Der ehemalige Landwirt fordert auch von der Rentnerin Anna Donner, die ein Monatseinkommen von 256 Mark hat, von der Kriegerwitwe Berta Urban (390 Mark Rente) und weiteren 34 Haus- und Häuschenbesitzern der nach ihm benannten »Stampfl«-Siedlung mehr Geld für seinen Boden.

Den »mörderischen Erbbauzins«, so der Bayerische Rundfunk, kann Stampfl Rechtens verlangen, weil seine Pächter, als sie 1958 das Land auf 99 Jahre pachteten, arglos auch eine sogenannte Wertsicherungsklausel unterschrieben.

Danach ist es dem Grundstückseigentümer erlaubt, den Erbbauzins -- in der Regel jährlich drei Prozent vom Grundstückswert -- alle zehn Jahre »den derzeitigen wirtschaftlichen Verhältnissen anzupassen«. Bei einem »außergewöhnlichen Anlaß« darf die Gleitklausel auch in der Zwischenzeit in Anspruch genommen werden. Zins-Bemessungsgrundlage ist der jeweilige gemeine Grundstückswert.

Stampfl ("Mein Kapital muß sich verzinsen") kann sich sogar auf ein Urteil des Bundesgerichtshof es stützen. Karlsruhe entschied am 28. November 1956 in einem Prozeß, die Wertsicherungsklausel sei unbedenklich. Immer häufiger bauten seitdem Grundstückseigentümer den gleitenden Passus in ihre Erbbaurechtsverträge ein.

Dank der rapide steigenden Bodenpreise vor allem in den Ballungszentren (im Gebiet von München bis 1965 pro Jahr 100 Prozent), konnten deshalb die Landeigner immer höhere Zinsen kassieren; immer häufiger jedoch protestierten die Pächter gegen das Preis-Diktat.

»Das Erbbaurecht rückt in den Problemkreis der Bodenspekulation und der ungerechtfertigten Planungsgewinne«, kommentierte Geschäftsführer Robert Birnbacher vom Bayerischen Siedlerbund den Anstieg. Betroffen seien meist Menschen, deren Ersparnisse wohl dazu ausreichten, ein Haus zu bauen, nicht aber, auch noch Grund und Boden zu erwerben.

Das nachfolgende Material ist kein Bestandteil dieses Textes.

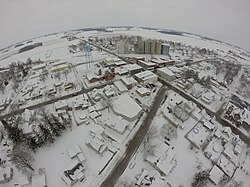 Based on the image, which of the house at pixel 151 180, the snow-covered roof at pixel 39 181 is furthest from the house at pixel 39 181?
the house at pixel 151 180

Versuche des Siedlerbundes und seiner Mitglieder, die Gleitklausel durch Gerichtsverfahren zu Fall zu bringen, sind bisher gescheitert. So wies das Hanseatische Oberlandesgericht in Hamburg die Klage eines Lehrers ab, der für ehemaliges Heideland zunächst monatlich zwölf Mark Erbbauzins, später 160 Mark bezahlen mußte. Das Gericht nannte die Erhöhung »allerdings beträchtlich«, sie sei aber »noch zumutbar«.

Ein Augsburger Gericht befand in einem ähnlichen Rechtsstreit, »ein Verstoß gegen die guten Sitten oder gegen Treu und Glauben liegt nicht dann schon vor, wenn jemand ein billig erworbenes Grundstück gewinnbringend verwertet«.

So argumentiert auch Josef Stampfl, 70, in Karlsfeld. Sein Boden war einst mageres Ackerland, und Stampfl vereinbarte mit seinen Pächtern pro Jahr und Quadratmeter einen Zins von 20 Pfennig. Die Siedler -- meist Heimatvertriebene -- errichteten ohne Baugenehmigung und in Feierabend-Arbeit ihre Behelfsheime. Erst Jahre danach wurde auf ihr Betreiben hin der »wilde Ortsteil« zu Bauland erklärt und dann von ihnen selbst mit Strom- und Wasser-Anschlüssen ausgestattet.

Damit stiegen auch die Bodenpreise, und Josef Stampfl kalkulierte, daß der Quadratmeter in seiner Siedlung nunmehr 40 Mark wert sei. Davon drei Prozent ergaben für den Quadratmeter einen Erbbauzins von 1,20 Mark.

Unterstützt vom Bayerischen Siedlerbund gingen auch die Karlsfelder vor Gericht, aber bei dem Prozeß stellte ein Sachverständiger fest, daß der Stampfl-Boden nicht 40 Mark, sondern sogar 100 Mark pro Quadratmeter wert sei. Stampfl erklärte: »Mit mir kann man reden«, und das Gericht setzte 70 Mark fest.

Die 37 Hausbauer auf seinem Grund müssen nun entweder zahlen oder das auf 99 Jahre festgelegte Erbbauverhältnis lösen. Vom Gesetzgeber haben sie keine Hilfe zu erwarten.

Zwar hatte eine Reihe von CDU-Abgeordneten am 25. Januar 1967 im Bundestag einen Antrag gegen die Stampfl-Methode eingebracht. Danach sollte der Zins nur noch so weit erhöht werden dürfen, wie auch die Lebenshaltungskosten steigen. Aber der Antrag blieb im Bonner Rechtsausschuß stecken.